Your job with the data below is to output exactly the lines from the one holding "Der Strand Golubinka im Ort Duće, Omiš." down to the one holding "Вязаная кофта", both included, and no others.

■ Dataset extract
· · · · · · ·

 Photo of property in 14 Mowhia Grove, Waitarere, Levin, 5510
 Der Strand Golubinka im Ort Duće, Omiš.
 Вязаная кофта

· · · · · · ·

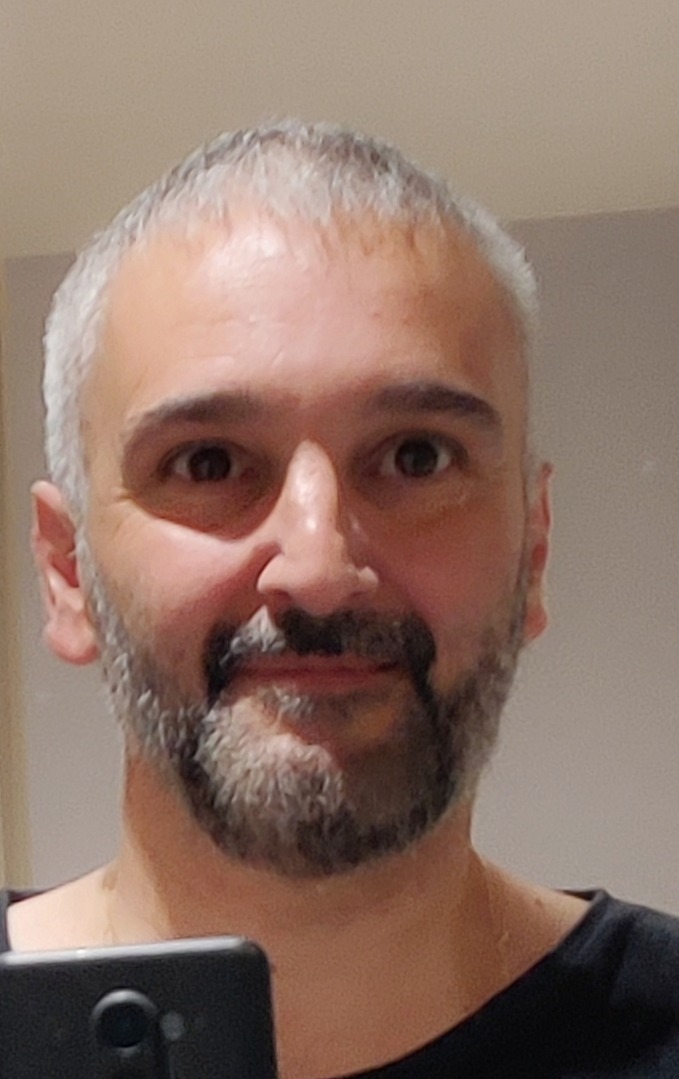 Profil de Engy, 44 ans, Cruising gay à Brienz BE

· · · · · · ·

■ Answer to this exercise
 Der Strand Golubinka im Ort Duće, Omiš.
 Вязаная кофта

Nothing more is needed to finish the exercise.